Welcome to the Q1 reporting season. If you hadn’t noticed yet, Easter came early this year (good for retailers, airlines etc) and there is a minefield of shifting currencies and commodity prices to adjust for as well as some decidedly mixed macro data coming out from the major trading economies. If you’re selling out of a Euro manufacturing base or consuming a lot of energy, then chances are that Q1 2015 is proving a relatively benign results season. For those outside of this magic circle, then perhaps one should think beyond the share buybacks and start applying cheap capital to leverage cost synergies through acquisitions. Fedex buying TNT, Heinz buying Kraft Foods and Shell buying BG are all manifestations of this process.


In a World dominated by QE and its accompanying financial repression and currency wars however, none of this really matters. As long as governments and central banks can sustain the illusion of endless liquidity without flipping their currencies into free-fall and hyperinflation, real price discovery will continue to be crowded out by the carry-trade junkies in what is increasingly a zero sum game of beggar-thy-neighbour. Unfortunately, as with any hard drug addiction, this is a habit that is going to prove difficult, if not impossible for politicians to kick. The consequence of US tapering of QE has been a rise in US dollar and fall in commodity prices as liquidity supporting these asset classes dried up. While the latter has been supportive of domestic consumption, the former has monkey-hammered US GDP growth expectations and with it China, as recent March trade data highlights. In our new world order where good news is bad and the reverse also applies, then falling growth can only mean one thing, the spice must flow again. Forget an early US interest rate increase and indeed brace yourselves for the taps to be opened again. With record oil stocks and the prospects for yet more excess supply to arrive following a possible rapprochement with Iran, why else have oil prices rebounded against this backdrop of falling GDP expectations?

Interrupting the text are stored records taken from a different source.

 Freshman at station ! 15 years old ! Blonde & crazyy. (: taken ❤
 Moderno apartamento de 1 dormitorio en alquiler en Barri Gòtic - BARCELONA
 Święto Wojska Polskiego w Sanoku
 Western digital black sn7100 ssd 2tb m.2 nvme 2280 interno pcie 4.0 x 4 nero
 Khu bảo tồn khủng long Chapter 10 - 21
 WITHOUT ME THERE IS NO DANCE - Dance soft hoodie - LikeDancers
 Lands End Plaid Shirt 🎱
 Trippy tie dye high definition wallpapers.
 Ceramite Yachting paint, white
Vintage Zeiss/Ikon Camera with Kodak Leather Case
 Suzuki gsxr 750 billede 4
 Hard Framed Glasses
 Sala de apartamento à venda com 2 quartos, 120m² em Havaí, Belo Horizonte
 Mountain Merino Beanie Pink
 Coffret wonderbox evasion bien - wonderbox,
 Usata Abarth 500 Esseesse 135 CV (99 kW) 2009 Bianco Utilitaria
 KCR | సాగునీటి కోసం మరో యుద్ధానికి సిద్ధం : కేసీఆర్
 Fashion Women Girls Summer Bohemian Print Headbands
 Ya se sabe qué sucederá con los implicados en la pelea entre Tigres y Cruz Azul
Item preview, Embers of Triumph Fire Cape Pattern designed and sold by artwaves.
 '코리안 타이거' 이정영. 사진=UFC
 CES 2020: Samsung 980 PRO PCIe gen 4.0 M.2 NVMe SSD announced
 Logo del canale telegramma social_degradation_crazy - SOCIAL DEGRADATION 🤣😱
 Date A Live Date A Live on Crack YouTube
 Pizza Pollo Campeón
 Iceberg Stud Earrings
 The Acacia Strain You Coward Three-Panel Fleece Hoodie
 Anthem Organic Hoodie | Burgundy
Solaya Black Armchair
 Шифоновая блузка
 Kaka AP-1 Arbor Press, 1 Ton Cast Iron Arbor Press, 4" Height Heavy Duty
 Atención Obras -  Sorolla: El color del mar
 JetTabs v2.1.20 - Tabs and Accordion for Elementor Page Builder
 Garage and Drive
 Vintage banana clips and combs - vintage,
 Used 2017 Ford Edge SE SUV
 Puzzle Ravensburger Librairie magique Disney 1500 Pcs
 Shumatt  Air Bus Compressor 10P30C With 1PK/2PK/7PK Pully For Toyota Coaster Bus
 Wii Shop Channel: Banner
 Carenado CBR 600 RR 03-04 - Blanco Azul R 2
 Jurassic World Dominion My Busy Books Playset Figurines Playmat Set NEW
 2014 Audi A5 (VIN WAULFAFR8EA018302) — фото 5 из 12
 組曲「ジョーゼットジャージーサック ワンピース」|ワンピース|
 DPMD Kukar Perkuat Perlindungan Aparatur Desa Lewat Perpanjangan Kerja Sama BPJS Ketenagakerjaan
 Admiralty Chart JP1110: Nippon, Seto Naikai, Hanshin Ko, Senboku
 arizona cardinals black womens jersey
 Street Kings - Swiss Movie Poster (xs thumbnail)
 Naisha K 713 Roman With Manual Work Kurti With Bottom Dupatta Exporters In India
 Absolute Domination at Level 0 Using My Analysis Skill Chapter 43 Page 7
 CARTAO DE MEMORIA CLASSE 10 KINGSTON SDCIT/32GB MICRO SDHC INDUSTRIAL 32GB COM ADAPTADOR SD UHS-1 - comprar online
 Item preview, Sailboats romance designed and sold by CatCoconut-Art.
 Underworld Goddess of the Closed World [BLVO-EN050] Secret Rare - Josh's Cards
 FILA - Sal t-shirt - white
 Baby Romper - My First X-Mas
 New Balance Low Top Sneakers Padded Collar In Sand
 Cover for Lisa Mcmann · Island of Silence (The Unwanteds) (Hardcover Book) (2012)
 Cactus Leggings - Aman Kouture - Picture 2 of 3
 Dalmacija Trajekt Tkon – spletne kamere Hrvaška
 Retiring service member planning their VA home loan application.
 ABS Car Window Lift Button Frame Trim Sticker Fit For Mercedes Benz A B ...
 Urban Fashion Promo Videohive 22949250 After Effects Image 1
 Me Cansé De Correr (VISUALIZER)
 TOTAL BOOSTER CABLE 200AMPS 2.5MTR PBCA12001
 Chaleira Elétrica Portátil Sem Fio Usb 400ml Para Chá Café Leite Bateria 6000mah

Perhaps perversely, the market’s attempt to discount such an eventuality may be its very undoing. If asset prices remain elevated in the anticipation that the falling GDP expectations will necessitate QE4ever-wherever, then what is going is going to provide the catalyst and political cover for the Fed and PBOC to defer its rate increases and possibly engage in a little surreptitious pumping? Clearly a market dump will need to be engineered first which may well also explain the self-interested warnings from some leading Wall Street banks that a correction may on its way. As the instructions say, “Rinse, repeat”.